─── Records to use ───

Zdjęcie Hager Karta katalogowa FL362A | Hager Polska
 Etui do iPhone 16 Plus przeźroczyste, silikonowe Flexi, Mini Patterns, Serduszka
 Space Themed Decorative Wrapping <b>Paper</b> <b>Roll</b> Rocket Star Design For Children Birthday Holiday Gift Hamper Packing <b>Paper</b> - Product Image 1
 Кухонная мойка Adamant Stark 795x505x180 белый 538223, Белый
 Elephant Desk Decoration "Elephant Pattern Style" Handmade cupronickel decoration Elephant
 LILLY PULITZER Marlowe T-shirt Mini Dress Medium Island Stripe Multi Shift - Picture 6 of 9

───

* _Problem_:
Starting at the first line of the entries above, please extract each line up to and including the line with "Space Themed Decorative", unchanged, and add nothing.

* _Reply_:
Zdjęcie Hager Karta katalogowa FL362A | Hager Polska
 Etui do iPhone 16 Plus przeźroczyste, silikonowe Flexi, Mini Patterns, Serduszka
 Space Themed Decorative Wrapping <b>Paper</b> <b>Roll</b> Rocket Star Design For Children Birthday Holiday Gift Hamper Packing <b>Paper</b> - Product Image 1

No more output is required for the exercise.